Before we could dive into solving differential equations, lets rewid some points about Taylor series.

Taylors Series Formula

\(f(x) = f(a) + f'(a)(x-a) + \frac{f''(a)}{2!}(x-a)^2 + \frac{f'''(a)}{3!}(x-a)^3 + \ldots\)

* The Taylor series provides an approximation of the function near the point a, and the accuracy of the approximation depends on how many terms are used.

Lets Learn How to Solve a Differential Equation using Taylors Series 

How to Solve a Differential Equation using Taylors Series 

Q. Approximate the solution of y' = x - y² , ( y = 1 when x = 0 ) . Find y when x = 0.1 using first four terms of Taylor series. 

Solution:

To approximate the solution of the differential equation \( y' = x - y^2 \), with \( y = 1 \) when \( x = 0 \), using the first four terms of the Taylor series, we can follow these steps:

* Find the first three derivatives of the function \( y(x) \). since up to four terms of Taylor series we need three derivatives.

 * Evaluate these derivatives at the point \( x = 0 \) and \( y = 1 \).

 * Substitute these values into the Taylor series formula.

 * Use the Taylor series to approximate \( y(0.1) \).


The given differential equation is \( y' = x - y^2 \).

The Taylor series expansion for \( y(x) \) around \( x = 0 \) is given by:

\(y(x) = y(0) + y'(0) x + \frac{y''(0)}{2!} x^2 + \frac{y'''(0)}{3!} x^3 + \ldots\)


First, let's find the first three derivatives of \( y(x) \) with respect to \( x \):

\(y' = x- y^2\)

\( y'' = 1 - 2y. y'\)

\( y''' = -2\{{y'}^2 + y. y''\}\)


Now, evaluate these derivatives at \( x = 0 \) and \( y = 1 \):


\(y'(0) = 0 - y(0)^2 = 0 - 1^2 = -1  \)

\(y''(0) = 1 - 2.y(0) . y'(0) = 1 - 2.1.(-1) = 1+2 = 3 \)

\(y'''(0) = -2\{y'(0)^2 +y(0). y''(0)\} = -2 \{-1^2 + 1.3\} = -8\)

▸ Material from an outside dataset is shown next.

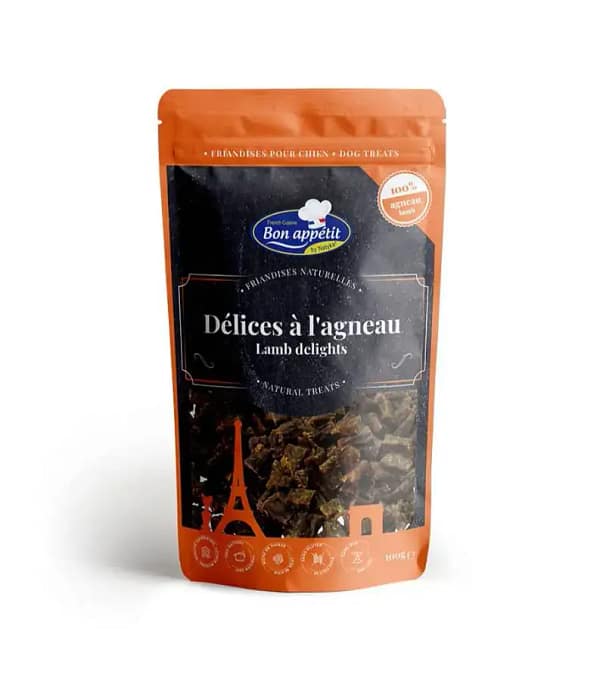 friandises-bon-appetit-lamb-delights-1 BON APPETIT teravilja-ja gluteenivabad treeningmaiused koertele lambalihast 100 gr.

Substituting these values into the Taylor series formula, we get:


\(y(x) = y(a) + y'(a)(x-a) + \frac{y''(a)}{2!}(x-a)^2 + \frac{y'''(a)}{3!}(x-a)^3 + \ldots\)

\(= y(0) + y'(0)(x-0) + \frac{y''(0)}{2!}(x-0)^2 + \frac{y'''(0)}{3!}(x-0)^3 + \ldots\)

\(= 1 + (-1).x + \frac{3}{2!}x^2 + \frac{-8}{3!}x^3 \)

\(= 1 + -x + \frac{3}{2}x^2 + \frac{-4}{3}x^3 \)

Which is the required equation.


Lets find the value of y(0.1),

Now, to approximate \( y(0.1) \), substitute \( x = 0.1 \) into the Taylor series:

\(y(0.1) = 1 + -0.1 + \frac{3}{2}0.1^2 + \frac{-4}{3}0.1^3  = 0.9136\)


Therefore, the approximate value of \( y(0.1) \) using the first four terms of the Taylor series is \( 0.9136 \).